WORKING DATA: Begin

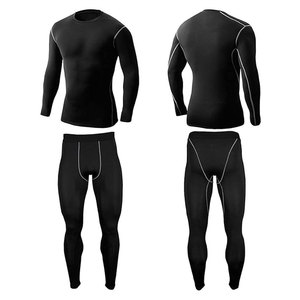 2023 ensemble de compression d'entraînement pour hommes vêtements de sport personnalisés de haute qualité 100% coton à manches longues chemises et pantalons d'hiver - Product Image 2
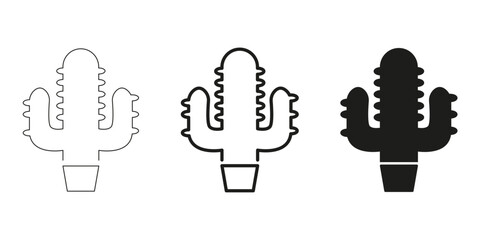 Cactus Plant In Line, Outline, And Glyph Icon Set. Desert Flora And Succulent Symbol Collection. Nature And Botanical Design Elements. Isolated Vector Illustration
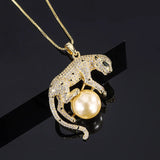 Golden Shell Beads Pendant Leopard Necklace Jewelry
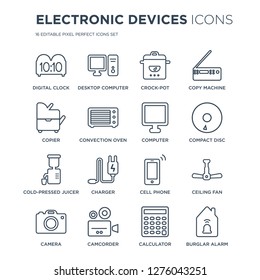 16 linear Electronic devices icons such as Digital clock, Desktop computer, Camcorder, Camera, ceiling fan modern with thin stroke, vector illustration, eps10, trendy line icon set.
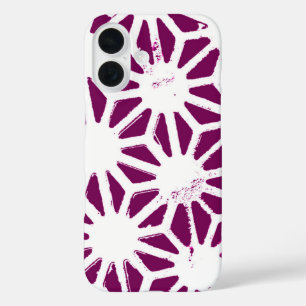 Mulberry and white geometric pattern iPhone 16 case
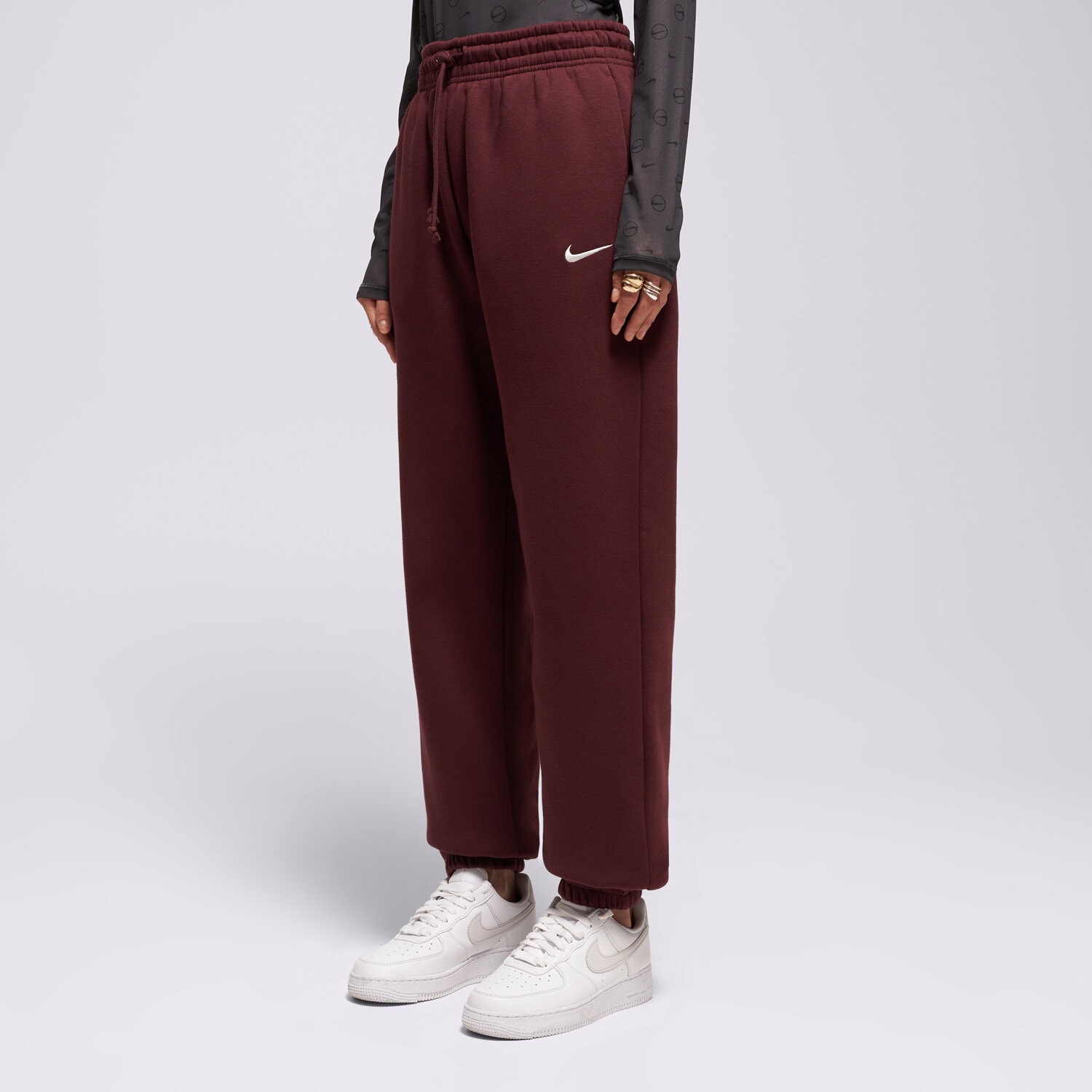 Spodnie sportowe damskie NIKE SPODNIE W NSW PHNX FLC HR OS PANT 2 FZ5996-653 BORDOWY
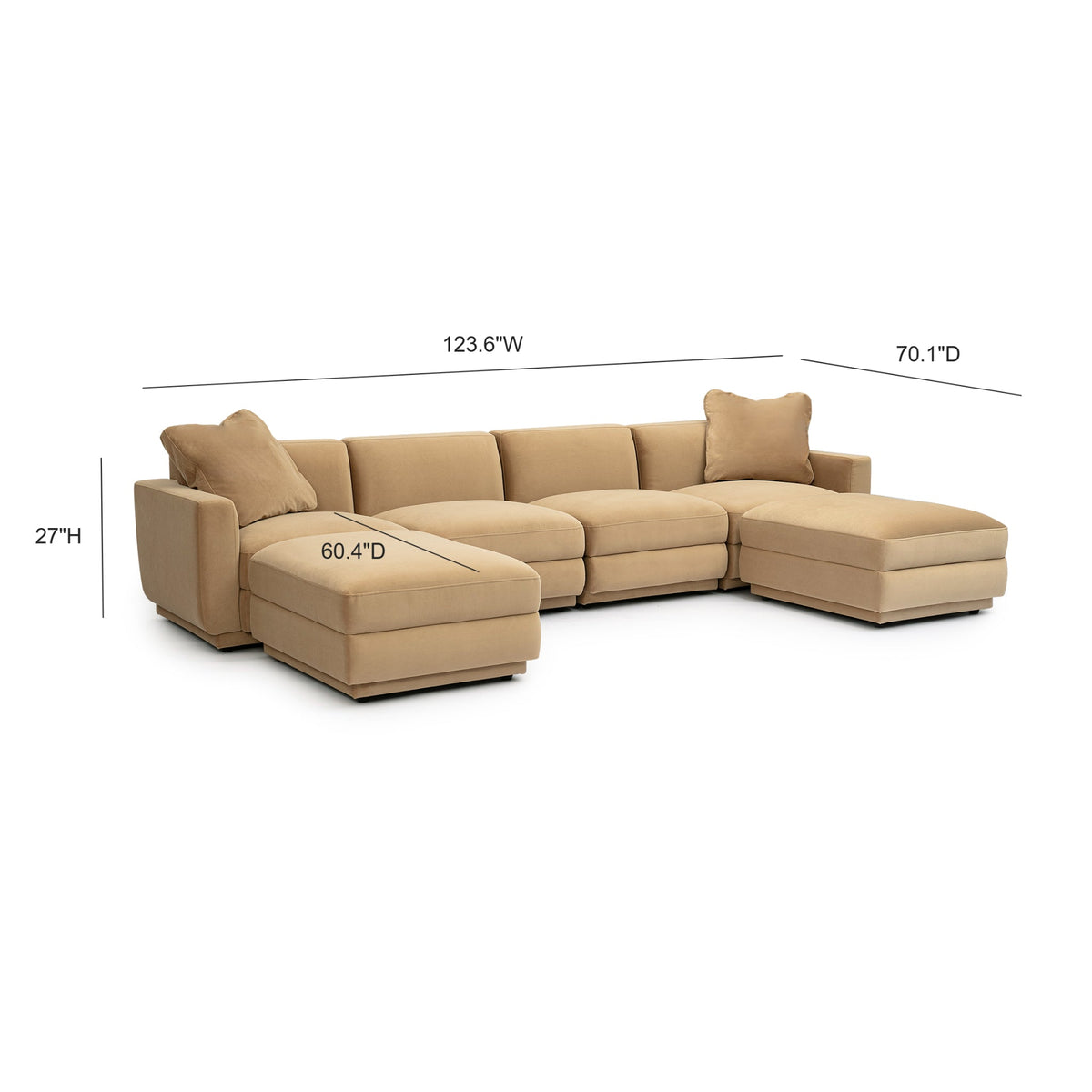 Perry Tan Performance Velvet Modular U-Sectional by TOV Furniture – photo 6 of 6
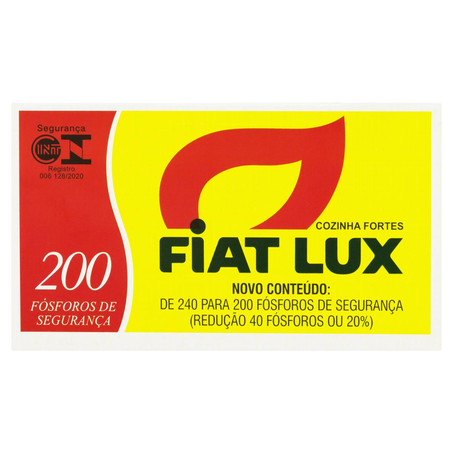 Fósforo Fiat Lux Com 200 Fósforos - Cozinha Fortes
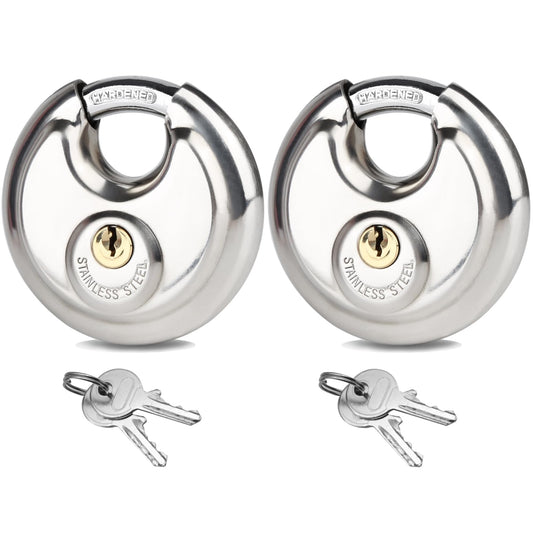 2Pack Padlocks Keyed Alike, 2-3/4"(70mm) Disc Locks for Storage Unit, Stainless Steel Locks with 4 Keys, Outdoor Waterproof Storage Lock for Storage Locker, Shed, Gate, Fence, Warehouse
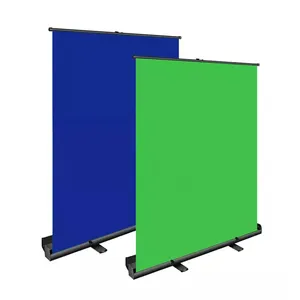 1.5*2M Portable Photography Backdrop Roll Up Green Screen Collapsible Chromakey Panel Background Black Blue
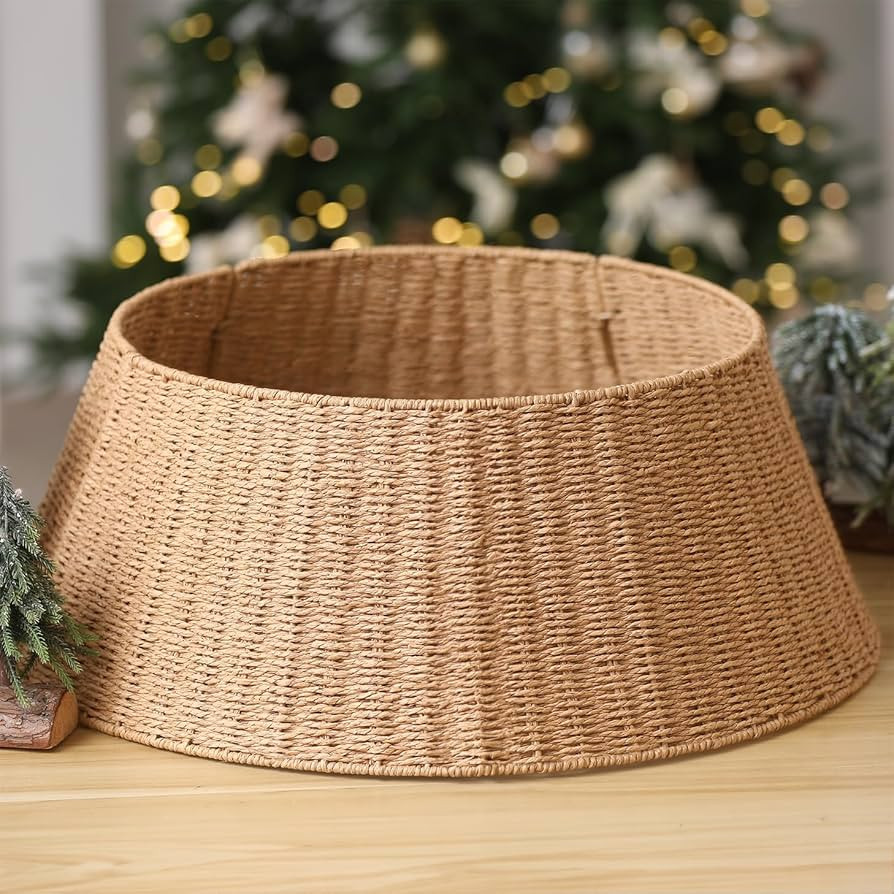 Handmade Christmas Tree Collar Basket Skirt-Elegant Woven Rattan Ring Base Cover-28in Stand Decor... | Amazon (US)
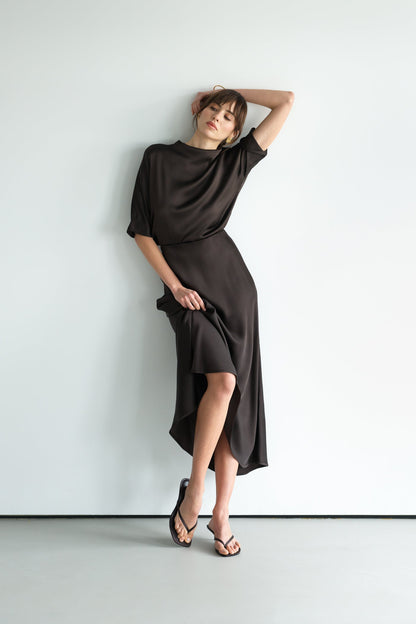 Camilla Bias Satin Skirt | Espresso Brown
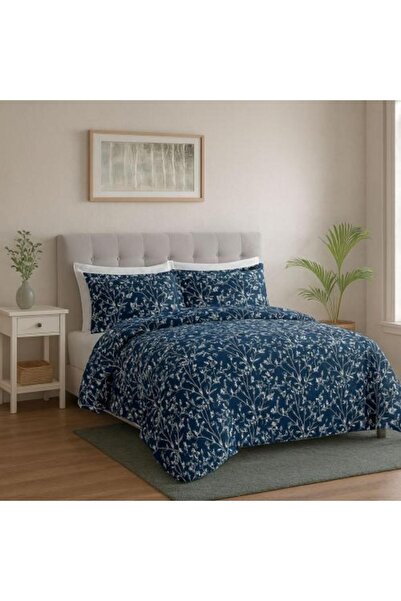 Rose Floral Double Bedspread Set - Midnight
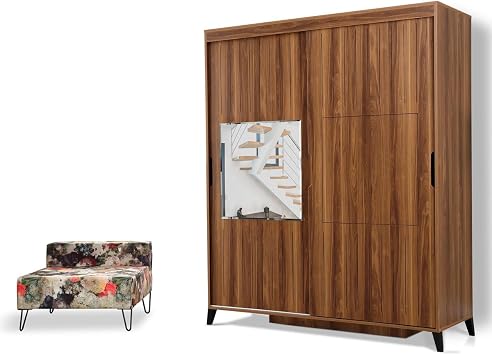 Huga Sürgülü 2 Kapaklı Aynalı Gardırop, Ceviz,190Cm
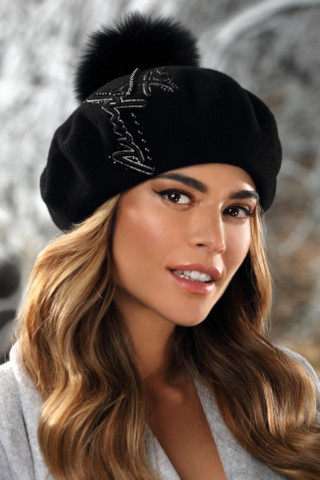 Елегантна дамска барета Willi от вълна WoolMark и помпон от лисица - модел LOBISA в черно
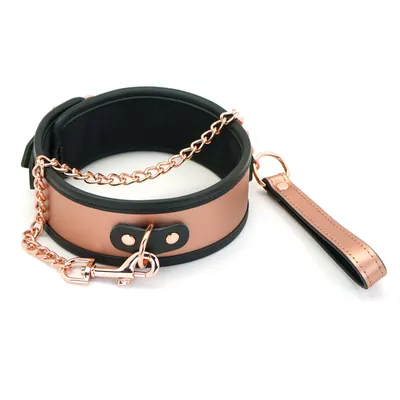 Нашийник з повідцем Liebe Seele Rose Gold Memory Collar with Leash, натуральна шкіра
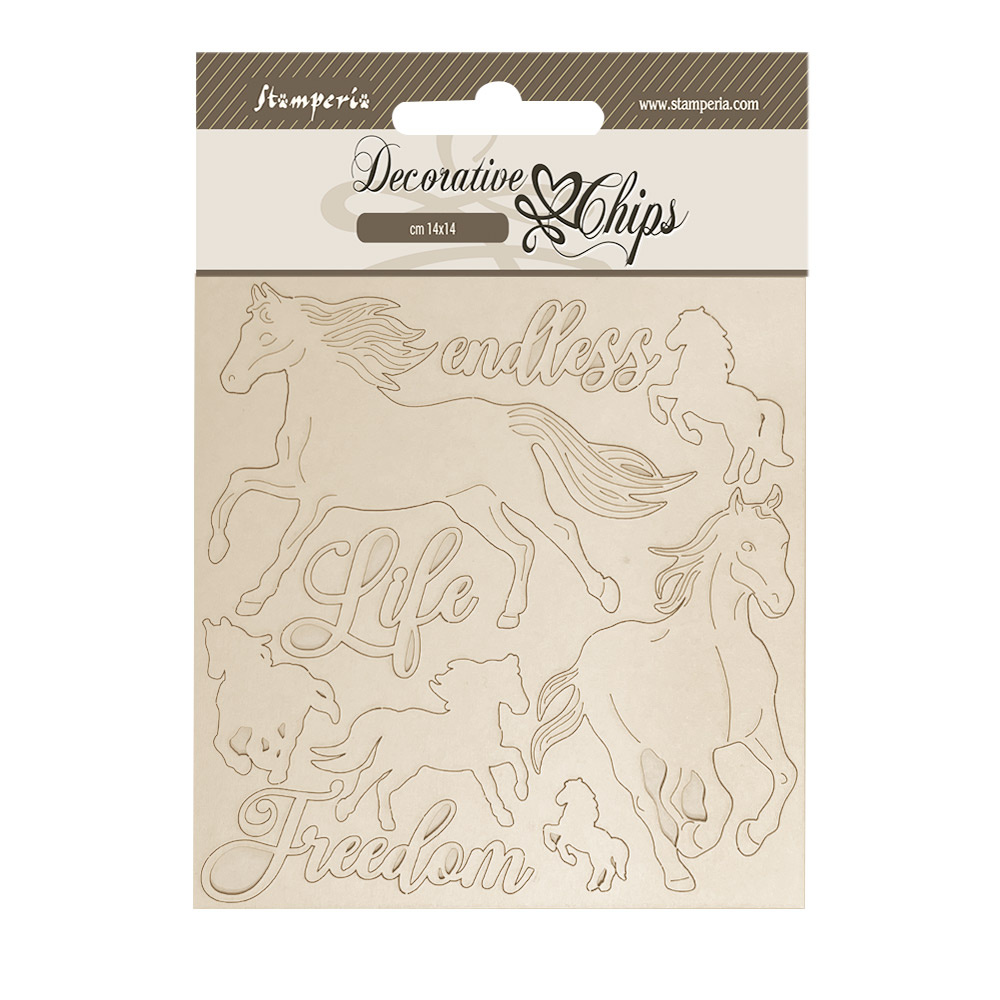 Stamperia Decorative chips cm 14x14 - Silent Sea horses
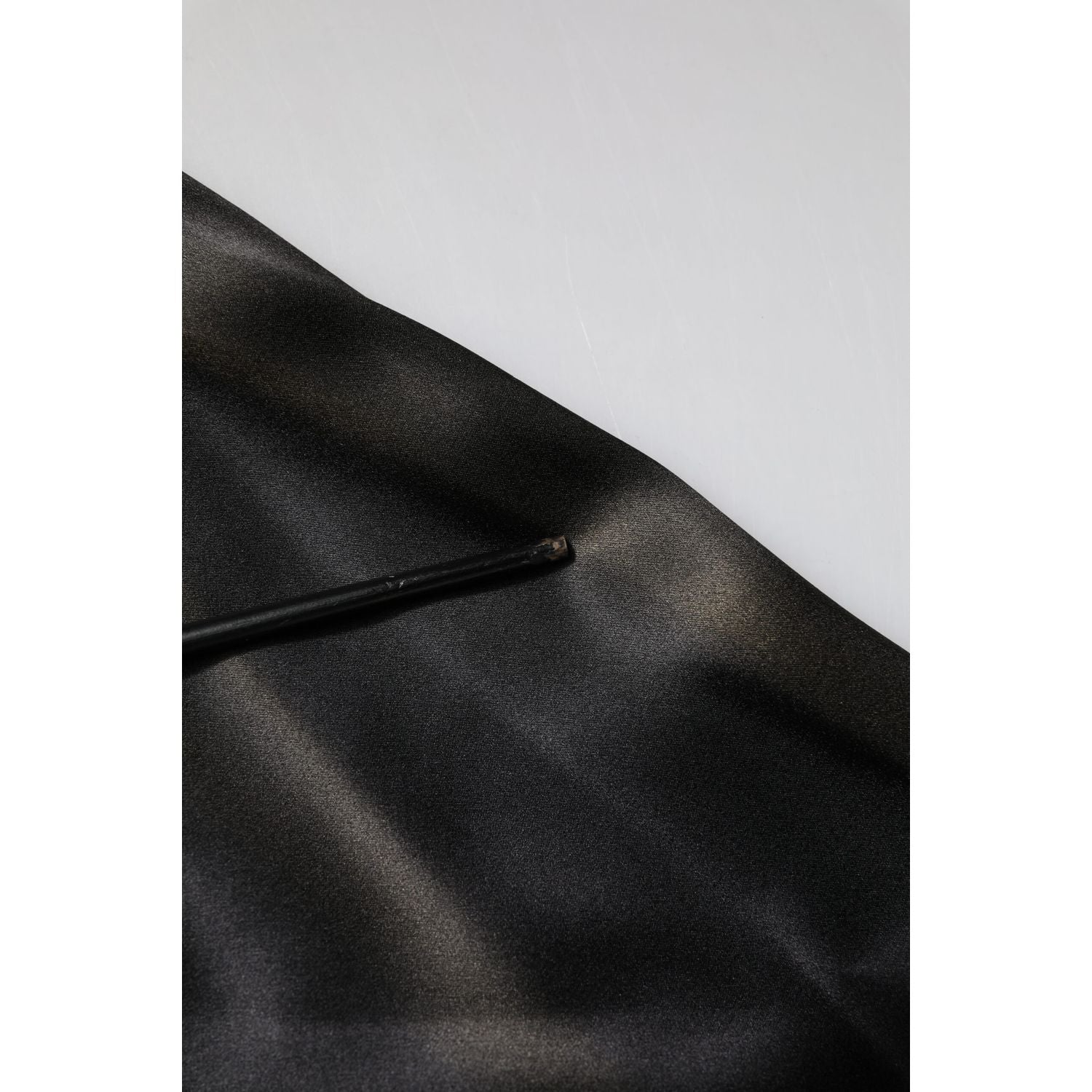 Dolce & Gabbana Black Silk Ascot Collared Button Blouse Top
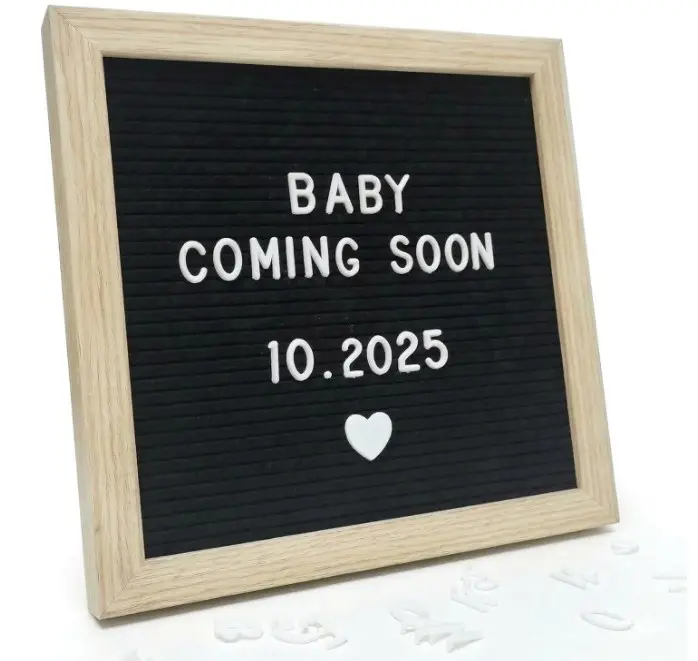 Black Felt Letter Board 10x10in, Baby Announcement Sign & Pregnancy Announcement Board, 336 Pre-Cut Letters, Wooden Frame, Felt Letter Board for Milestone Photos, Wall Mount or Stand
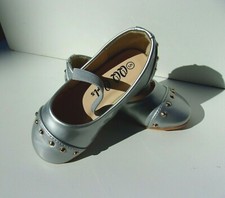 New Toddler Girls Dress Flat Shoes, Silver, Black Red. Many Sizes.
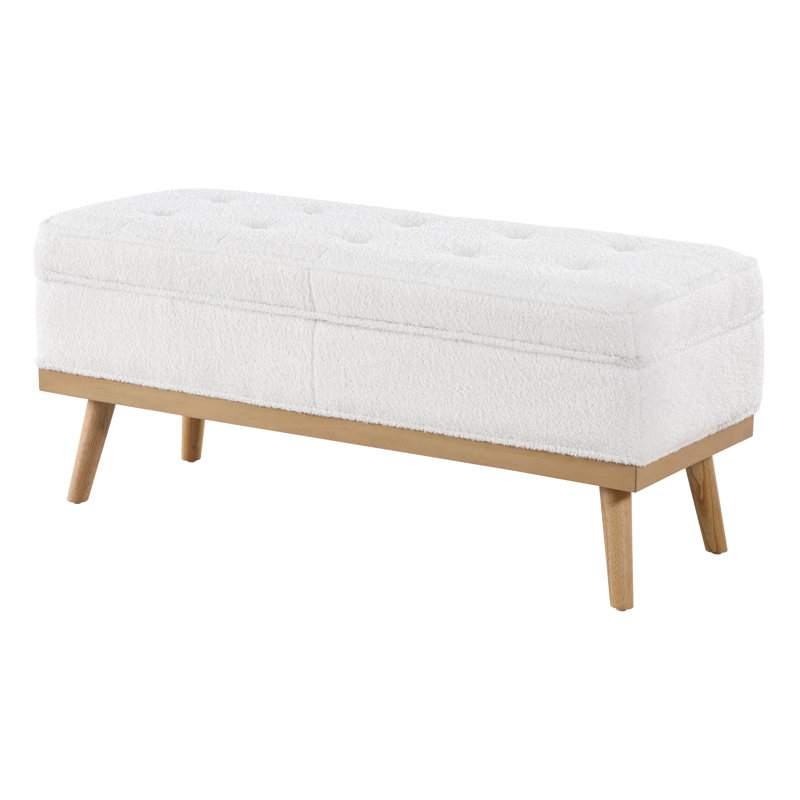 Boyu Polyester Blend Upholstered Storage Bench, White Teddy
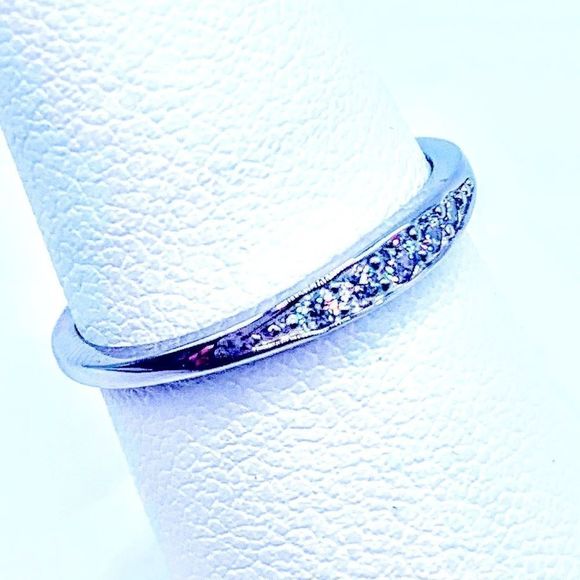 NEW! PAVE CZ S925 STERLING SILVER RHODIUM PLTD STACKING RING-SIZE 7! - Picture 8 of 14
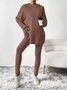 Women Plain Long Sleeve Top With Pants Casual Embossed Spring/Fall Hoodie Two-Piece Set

WORKING DATA: End

**ABOUT THIS TASK**
Write out exactly the lines from the one containing "Huga Sürgülü 2" through the last line of the records above, both ends included, and leave out any pictures.

**TASK RESPONSE**
 Huga Sürgülü 2 Kapaklı Aynalı Gardırop, Ceviz,190Cm
 Елегантна дамска барета Willi от вълна WoolMark и помпон от лисица - модел LOBISA в черно
 Нашийник з повідцем Liebe Seele Rose Gold Memory Collar with Leash, натуральна шкіра
 Stamperia Decorative chips cm 14x14 - Silent Sea horses
 Dolce & Gabbana Black Silk Ascot Collared Button Blouse Top
 Black Felt Letter Board 10x10in, Baby Announcement Sign & Pregnancy Announcement Board, 336 Pre-Cut Letters, Wooden Frame, Felt Letter Board for Milestone Photos, Wall Mount or Stand
 New Toddler Girls Dress Flat Shoes, Silver, Black Red. Many Sizes.
 Boyu Polyester Blend Upholstered Storage Bench, White Teddy
 NEW! PAVE CZ S925 STERLING SILVER RHODIUM PLTD STACKING RING-SIZE 7! - Picture 8 of 14
 Women Plain Long Sleeve Top With Pants Casual Embossed Spring/Fall Hoodie Two-Piece Set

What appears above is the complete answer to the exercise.